The recently launched Suzuki GSXR150 boasts an inverted triangle piston skirt. From what I have been told, it seems to be MotoGP technology which has been stripped down to suit a 150cc bike. Kindly explain.
I am very skeptical of the claim that the GSXR150 is leveraging MotoGP technology, even the top of the line sport bikes from Honda, Suzuki and Yamaha do not leverage much of that tech other than frame and swingarm. The new Honda RC213V-S is $184,000. How much did that 150cc bike cost?
My point is, the inverted triangle piston skirt is not that fancy. It's simply a piston that has a reduced circumference face against the cylinder walls.

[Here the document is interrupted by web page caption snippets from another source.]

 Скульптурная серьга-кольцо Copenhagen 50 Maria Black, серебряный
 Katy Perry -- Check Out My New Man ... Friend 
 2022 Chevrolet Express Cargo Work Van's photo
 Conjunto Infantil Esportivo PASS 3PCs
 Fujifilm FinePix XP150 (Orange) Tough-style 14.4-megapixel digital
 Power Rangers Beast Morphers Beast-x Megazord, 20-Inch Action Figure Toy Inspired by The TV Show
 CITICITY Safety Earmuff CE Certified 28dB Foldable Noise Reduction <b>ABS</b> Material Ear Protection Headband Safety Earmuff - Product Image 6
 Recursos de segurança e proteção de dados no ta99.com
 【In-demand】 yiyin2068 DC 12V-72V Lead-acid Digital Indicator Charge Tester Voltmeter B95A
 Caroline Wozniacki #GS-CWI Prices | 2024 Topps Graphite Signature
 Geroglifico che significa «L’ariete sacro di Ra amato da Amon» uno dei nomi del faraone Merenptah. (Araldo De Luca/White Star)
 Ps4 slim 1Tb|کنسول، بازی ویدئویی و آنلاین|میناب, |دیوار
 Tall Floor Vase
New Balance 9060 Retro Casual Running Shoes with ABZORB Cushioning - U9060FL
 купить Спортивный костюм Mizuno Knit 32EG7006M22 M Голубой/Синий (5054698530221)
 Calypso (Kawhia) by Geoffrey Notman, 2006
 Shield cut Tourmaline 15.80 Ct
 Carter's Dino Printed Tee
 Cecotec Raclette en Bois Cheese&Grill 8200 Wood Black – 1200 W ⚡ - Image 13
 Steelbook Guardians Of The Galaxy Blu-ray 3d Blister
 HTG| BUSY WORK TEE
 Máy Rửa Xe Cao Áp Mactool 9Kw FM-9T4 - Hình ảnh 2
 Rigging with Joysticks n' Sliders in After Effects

As others have stated, the skirt drops down enough to prevent the piston from 'rocking' on the wrist pin and knocking back and forth in the cylinder bore.
Inverted triangle piston skirts have been around for quite a bit, Renault used one in the '70's in formula 1. Yamaha used one in the '70's in a later generation of it's two stroke TZ750 dirt tracker and grand prix bikes.
As @Mauro stated in theory it could be more like a slipper piston, it basically is a slipper piston it's just not that aggressive in terms of removal of material from the skirt and surrounding area of the wrist pin, or as the islanders like to say, grudgeon pin.
I suppose it is race technology but at the end of the day it's '70's era race technology. Most of the GSXR line has been running a similar piston configuration for well over a decade and a half, as has Yamaha, Kawasaki, Honda, Aprilia and Ducati.
Keep in mind they are calling the bike a GSXR but there are no other GSXR models that have rocker arms. They all use under the bucket shims where the cam lob essentially rides right on the bucket over the valve stem.
What Suzuki has done with that bike is attempt to make it the most efficient it can be without spending a large investment. They are in a friction reduction phase with the model to make it compete with all the other 150cc bikes out there, this will force the competition to, in turn, spend money to get their fuel efficiency up and in so doing perhaps create a higher cost vehicle. Suzuki works that way as do many other manufacturers but in the end, it still has rocker arms.
Hope this sufficient, cheers.
Given the piston skirt is the bit of the piston under the gudgeon pin on the piston/conrod, it seems this is a way of reducing drag and wear on the cylinder (i.e. less contact patch) and therefore making it more efficient.
A similar principle is used in slipper pistons
A slipper piston is a piston for a petrol engine, that has been reduced in size and weight as much as possible. In the extreme case, they are reduced to the piston crown, support for the piston rings, and just enough piston skirt remaining to leave two lands so as to stop the piston rocking in the bore.
Engines with a single cylinder can be arranged at any angle but typically upright or inverted.
In Gixxer they says, "An inverted triangle shaped piston skirt has also been utilized to increase bottom end torque, smaller and lightweight rocker arms and a reduced angle of the valves have all helped better combustion, aided by the good looking dual type exhaust."
That means that they have found a new angle to deliver the above features.